What's even less likely than a clan of displaced Baghdadi Jews who find themselves in twentieth-century Shanghai and change it forever? Try two clans of displaced Baghdadi Jews. This is the tale that Jonathan Kaufman tells in The Last Kings of Shanghai, his remarkable history of the Sassoon and Kadoorie families. Read it and the Bund will never look the same -- Peter Hessler, author of Oracle Bones: A Journey Through Time in China
Jonathan Kaufman brings to life the extraordinary forgotten history of two Jewish families who helped transform China into a global economic powerhouse. A masterpiece of research, The Last Kings of Shanghai is a vivid and fascinating story of wealth, family intrigue, and political strategy on the world stage from colonialism to communism to globalized capitalism -- Susannah Heschel, Eli Black Professor of Jewish Studies, Dartmouth College
An illuminating book * The Economist *
Complementing histories of modern China that focus on political developments, Kaufman uses a rich mix of materials including memoir and private correspondence to bring us the people who greased the wheels of change . . . [the Sassoons and Kadoories'] part in the development of modern China offers drama enough to make them worthy of our attention. Kaufman ensures that they gain and retain it, with a well-paced narrative and plenty of helpful historical context * Telegraph *
This heady era is brought vividly to life in Jonathan Kaufman's Kings of Shanghai - a multigenerational epic of the Sassoon and Kadoorie dynasties, which rightly takes business out of the shadows and puts it at the heart of modern China's history. The book is excellent too on China's tumultuous history - the pernicious colonial influence, the collapse of Imperial China, and the Communist Revolution, which swept away both families' Shanghai holdings. Victor Sassoon never recovered but the Kadoories had hedged their bets and invested early enough in Hong Kong to start again. Kaufman deserves praise for highlighting a story that ought to be better known * Financial Times *


Author Biography

Jonathan Kaufman is Pulitzer Prize-winning reporter, editor and author. He is currently Executive Editor for Company News at Bloomberg News, overseeing more than 300 reporters and editors globally who cover technology, energy, autos, deals, industrials, consumer products, education, science and health. Projects he has overseen at Bloomberg have won numerous awards including finalist for the Pulitzer Prize, several George Polk Awards, an Overseas Press Club Award, a Gerald Loeb Award and Education Writers Association Grand Prize.

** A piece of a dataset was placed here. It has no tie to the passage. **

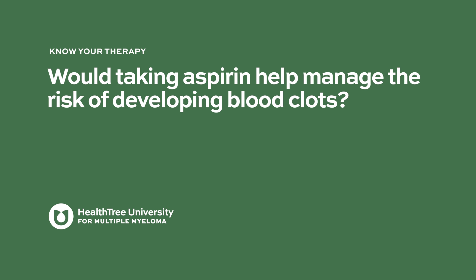Would taking aspirin help manage the risk of developing blood clots? There is no data specifically for IVIG, but most myeloma patients are on aspirin — especially when on IMiDs like Revlimid or pomalidomide — or on blood thinners based on their clotting risk. If they're already on something like that, the risk is probably lower, but I'm not aware of a study looking at that specifically.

Prior to joining Bloomberg, Kaufman was deputy Page One editor at the Wall Street Journal and also served as the Wall Street Journal's China Bureau Chief, based in Beijing. He also served as Berlin Bureau Chief of the Boston Globe. As a reporter, Kaufman covered race and class issues in the workplace and on college campuses and wrote about race and women's issues in the extraordinary 2008 presidential campaign.

Kaufman has won numerous awards, including the Pulitzer Prize. He is the author of two well-reviewed books, A Hole in the Heart of the World: Being Jewish in Eastern Europe and Broken Alliance: The Turbulent Times Between Blacks and Jews in America, which won the National Jewish Book Award.